One thing that I have often felt was underrated in Jrue Holiday's game was his ability to hit the big man diving to the hoop. With passing lanes opening up and the ball in Holiday's hands more this year, Holiday has responded by posting incredible assist numbers, not only to spot-up jump shooters but also to big men diving to the hoop.
So far this year, Jrue Holiday is averaging 3.4 assists per game to baskets taken at the rim. This is up considerably from the 1.4 he averaged last season and ranks as one of the 10 highest marks in the league. All of this while passing to Spencer Hawes, Kwame Brown, and Lavoy Allen.

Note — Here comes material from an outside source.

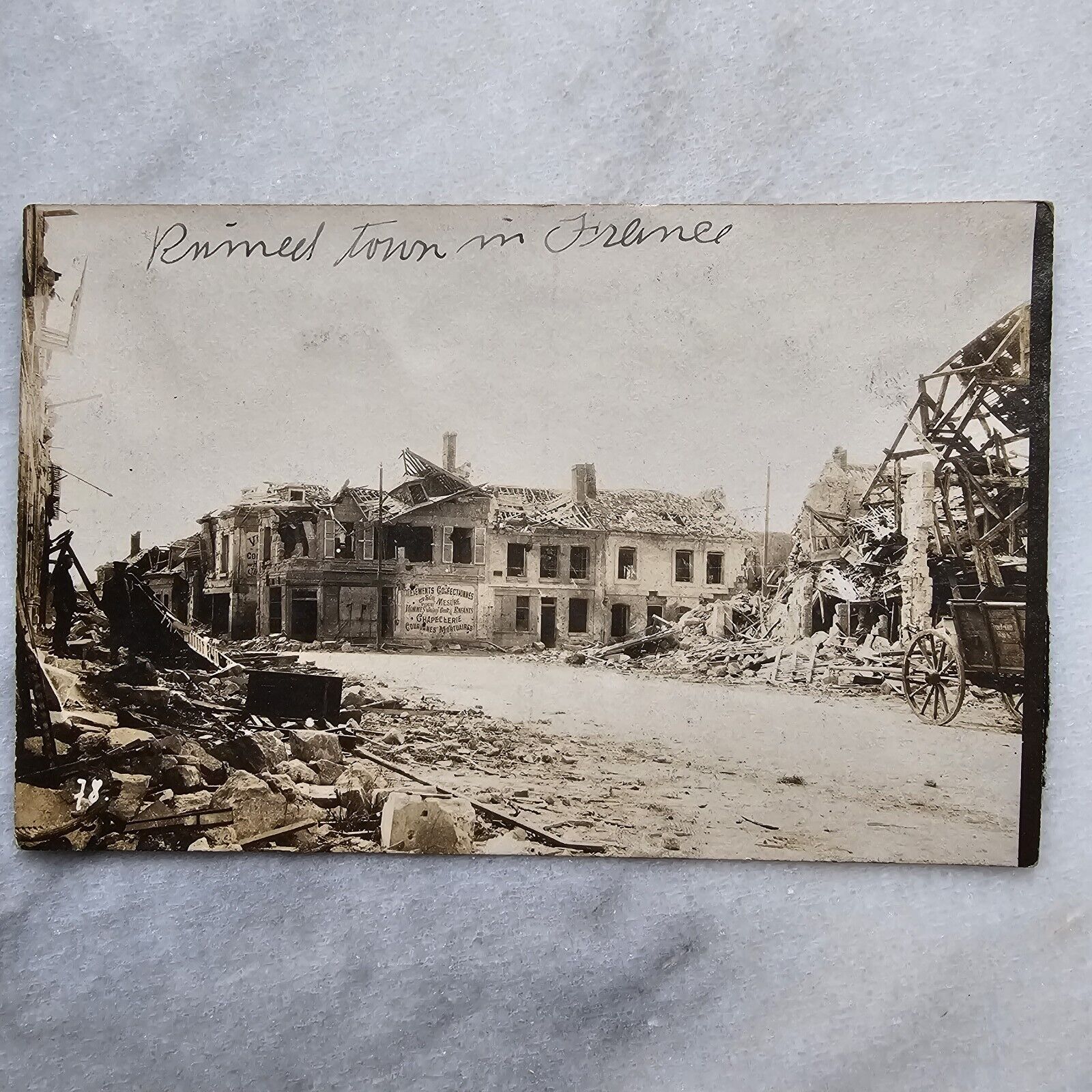 Ruined Town In France RPPC Real Photo Postcard WWI Antique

Once Andrew Bynum comes back, that number could skyrocket. While Bynum didn't play a whole lot of pick and roll with the Lakers (as the Lakers didn't play much pick and roll in general), Bynum plays almost exclusively around the hoop, getting over 85% of his field goal attempts within 10 feet of the basket last year. And finally having a good pick and roll point guard and the three point shooters he lacked in Los Angeles, Bynum and Holiday could form a dynamic pick and dive partnership, something which could not only give Holiday a steady target to pass to but also open up those spot-up shooters for even more great looks for Holiday to kick out to.
From a scoring perspective, the attention Bynum receives due to his proficiency at finishing around the basket and his ability to gobble up offensive rebounds could make help defenders less likely to leave Bynum, opening up driving lanes even more for Holiday. Bynum's post-up game will also force defenders to double him, giving Holiday open catch and shoot opportunities, something he has not currently benefited from much this season as he has been forced to generate most of the looks in the half-court offense, and presenting Holiday with some easy high-efficiency looks at the basket.
Jrue Holiday's improvement so far this season cannot simply be explained by any one factor. With the ball in his hands more, Jrue Holiday has not only been given more opportunities to make plays but he has been surrounded by talent that is a better fit for his style of play. Perhaps more importantly, Jrue Holiday has developed his recognition enough that he is able to take advantage of his opportunities at a much higher success rate than he has in years past.
When the 76ers acquired Andrew Bynum, most acknowledged that for the 76ers to become true contenders they needed a Robin to develop. They needed somebody to create offense from the perimeter to form a two-man game with Bynum. With Holiday's success, and how he is going about that, 76ers fans can only salivate at the thought of how Jrue Holiday and Andrew Bynum can work off of each other.